De l’époque communiste, il ne subsiste plus de traces dans le café. Mais les anciens se souviennent qu’on y a suivi en direct la chute de Ceausescu. En décembre 1989, «tout le monde regardait par les fenêtres, incrédule. L’incendie de la bibliothèque nationale était impressionnant, et les clients, tout comme le personnel, étaient incrédules», explique Vasile. L’Athénée a vu tomber, impuissant, les corps des premiers révolutionnaires combattant pour la démocratie. Il a aussi vu désarmer les tireurs embusqués du toit du Palais royal. De cette époque, Vasile ne nous dira pas plus. Il préfère se concentrer sur le présent et garder en mémoire les moments magiques dont l’Athénée est encore le théâtre. Un de ses événements préférés est l’arrivée des clients de l’Orient-Express que l’Athénée accueille chaque année lors de son escale à Bucarest. Le café semble alors remonter le temps. «Nos clients sont toujours soignés, mais lorsqu’arrive l’Orient-Express, l’ambiance change. Les costumes des hommes et les tenues spéciales des dames sont un véritable spectacle aux premières heures du jour», s’égaye Vasile.
Une valise oubliée avec 48 000 euros
Cheffe pâtissière de l’Athénée Palace, Mimi Dima perpétue la tradition raffinée du café. Des pauses au café aux commandes spéciales à monter dans les chambres ou à emporter, chacun peut voir son bonheur prendre vie sous les doigts experts de Mimi. Mousse au champagne ou à la rose enchantent les palais exigeants, et Mimi connaît les habitudes de ses clients les plus fidèles. «Le roi Michel aimait le chocolat noir et la menthe», nous confie la pâtissière un peu nostalgique depuis le décès du dernier roi roumain, l’an dernier. C’est du café qu’elle a vu passer son cortège funéraire. Des souvenirs gustatifs des clients de l’Athénée, Mimi en a des centaines, le plus marquant étant celui de Vladimir Poutine. Venu rencontrer son homologue américain, George W. Bush, à Bucarest en 2008, le président russe avait alors goûté le sorbet à la tuica (eau-de-vie de prune traditionnelle) confectionné spécialement à cet effet.

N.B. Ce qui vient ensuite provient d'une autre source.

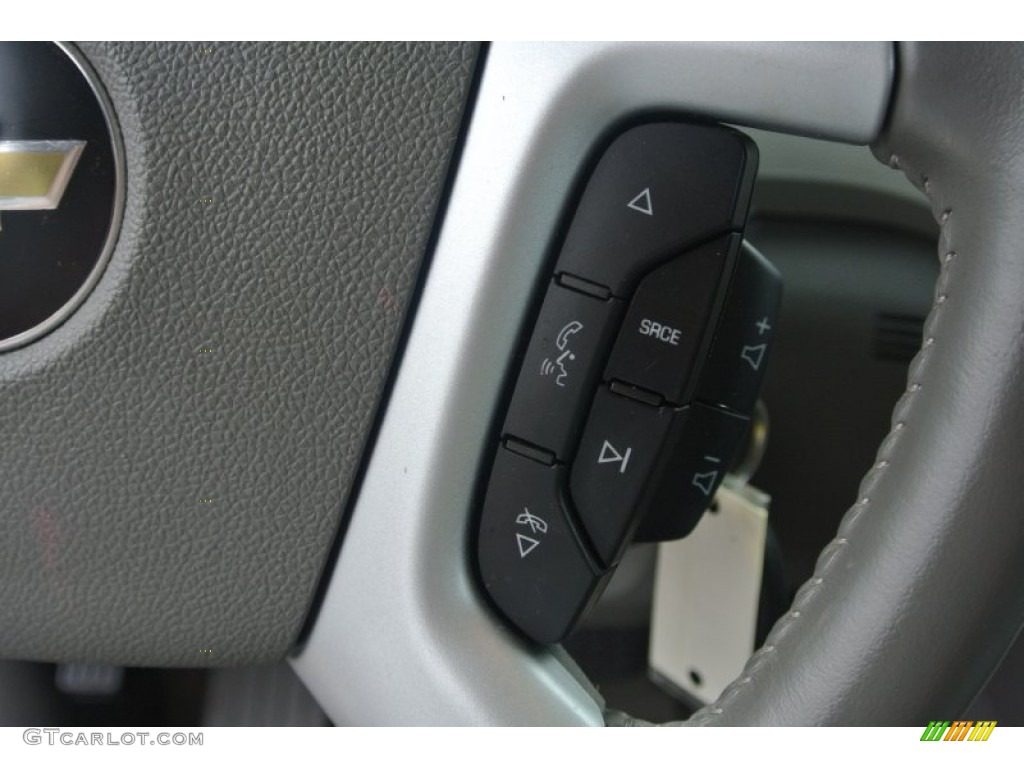 2009 Chevrolet Traverse LT Controls Photos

Sans doute enchanté par les délices subtils des gâteaux de l’Athénée Palace, un homme y oublia un jour une valise. Il s’avéra qu’elle contenait 48 000 euros. Remise à la police, nul ne sait si elle a été récupérée. Des histoires comme celles-ci, le café en regorge et on raconte même que certains clients y ont trouvé l’âme sœur. On ne saura jamais ce qu’il advint de ces romances nées autour d’un café, mais une chose est sûre, si l’on tend l’oreille, les murs de l’Athénée ont encore bien des histoires à raconter et peut-être, en prenant un café aux premières heures du jour, verrez-vous la fameuse mariée que l’on dit hanter les lieux, pleurant son jeune époux qui la tua par jalousie la nuit de leurs noces.
Irène Costelian, correspondante à Bucarest.